The HE plot version, shown in Figure fig-iris-HEcan summarizes the separate data ellipses for the species with pooled, within-group variance of the $\mathbf{E}$ matrix for the canonical variables, which are always uncorrelated. The variation among the group means is reflected in the size and shape of the ellipse for the $\mathbf{E}$ matrix.

11.8 Factorial MANOVA

When there are two or more factors, the overall model is comprised of main effects and possible interactions as shown in Equation eq-HE-model. A significant advantage of HE plots is that they show how the response variables are related in their effects. Moreover, the main effects and interactions can be overlaid in the same plot showing how each term contributes to assessment of differences among the groups.

Example 11.2 Plastic film data

I illustrate these points below for the Plastic film data analyzed earlier in Example exm-plastic1. The model contemplated there examined how the three response variables, resistance to tear, film gloss and the opacity of the film varied with the two experimental factors, rate of extrusion and amount of some additive, both at two levels, labeled High and Low.

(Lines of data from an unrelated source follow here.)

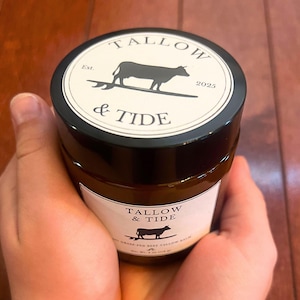 May include: A jar of Tallow & Tide beef tallow balm held in hands. The jar has a black lid with a white label featuring a cow silhouette and the text "Tallow & Tide". The jar's label also includes the text "Est. 2025".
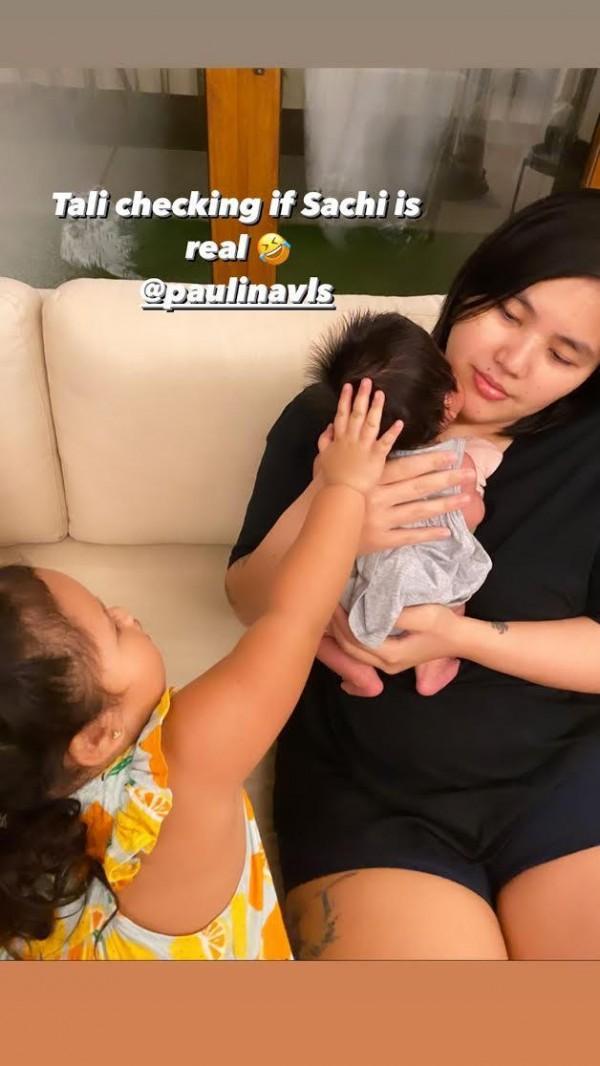 Baby Tali holding baby Sachi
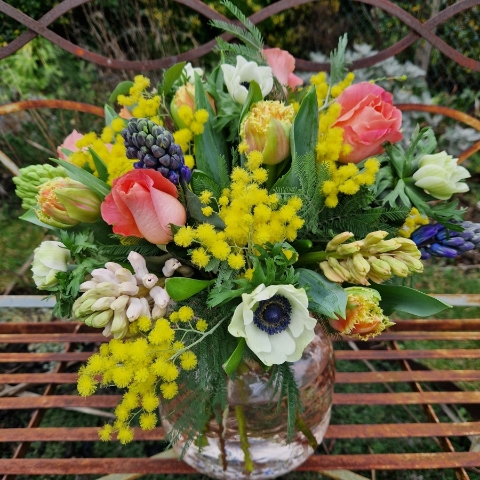 A spring bouquet in a blush glass vase featuring mimosa, tulips, anemones, roses, and hyacinths in apricot, yellow, pink, and fuchsia tones, arranged in a loose, natural Floramay style.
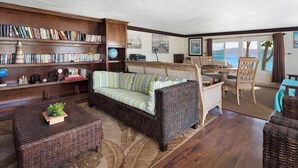 Un salon chaleureux avec un canapé, une bibliothèque, un coin repas et une vue sur la mer.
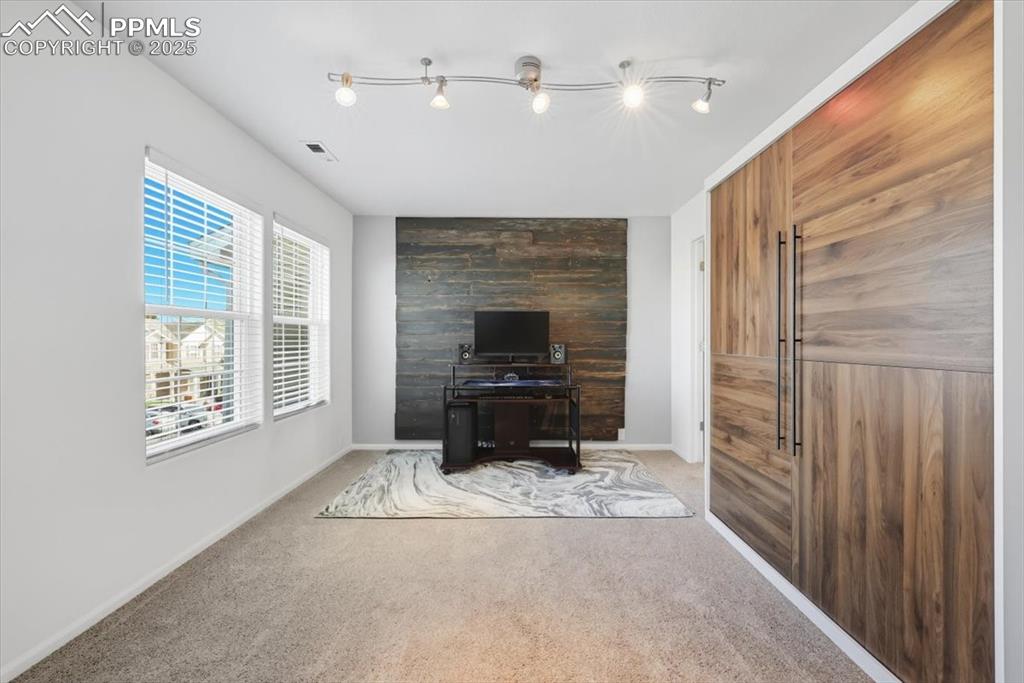 Image 22 of 36: Bedroom with an accent wall and carpet
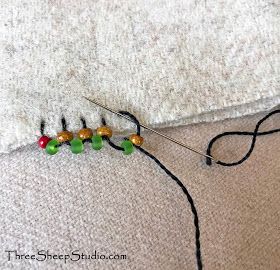 a pair of knitting needles sitting on top of a piece of white fabric next to some beads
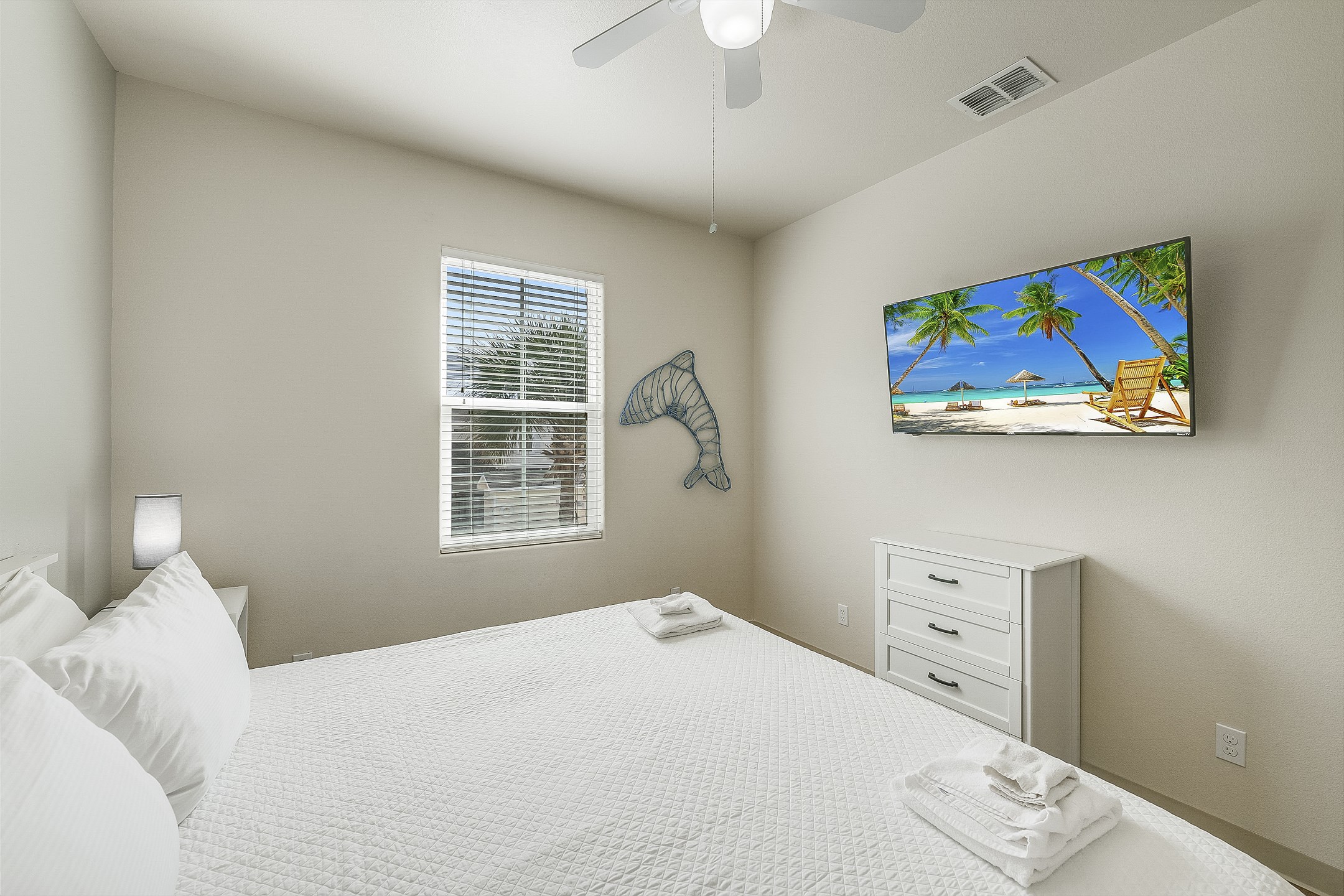 Third bedroom on the second floor with king size bed and flat screen TV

Both main effects and the interaction of rate and additive were fit in the model plastic.mod:

plastic.mod <- lm(cbind(tear, gloss, opacity) ~ rate * additive, 
                  data=Plastic)

We can visualize all these effects for pairs of variables in an HE plot, showing the “size” and orientation of hypothesis variation ($\mathbf{H}$) for each model term, in relation to error variation ($\mathbf{E}$), as ellipsoids. When, as here, the model terms have 1 degree of freedom, the $\mathbf{H}$ ellipsoids for rate, additive and rate:additive each degenerate to a line.

Figure fig-plastic-HE1 shows the HE plot for the responses tear and gloss, the strongest by univariate tests. This plot takes advantage of another feature of heplot(): You can overlay plots using add = TRUE, as is done here to show both significance and effect size scaling in a single plot.

colors = c("red", "darkblue", "darkgreen", "brown4")
heplot(plastic.mod, size="significance", 
       col=colors, cex=1.5,  cex.lab = 1.5,
       fill=TRUE, fill.alpha=0.1)
heplot(plastic.mod, size="effect", 
       col=colors, lwd=6,
       add=TRUE, term.labels=FALSE)

Figure 11.11: HE plot for effects on `tear` and `gloss` according to the factors `rate`, `additive` and their interaction, `rate:additive`. The thicker lines show effect size scaling; thinner lines show significance scaling.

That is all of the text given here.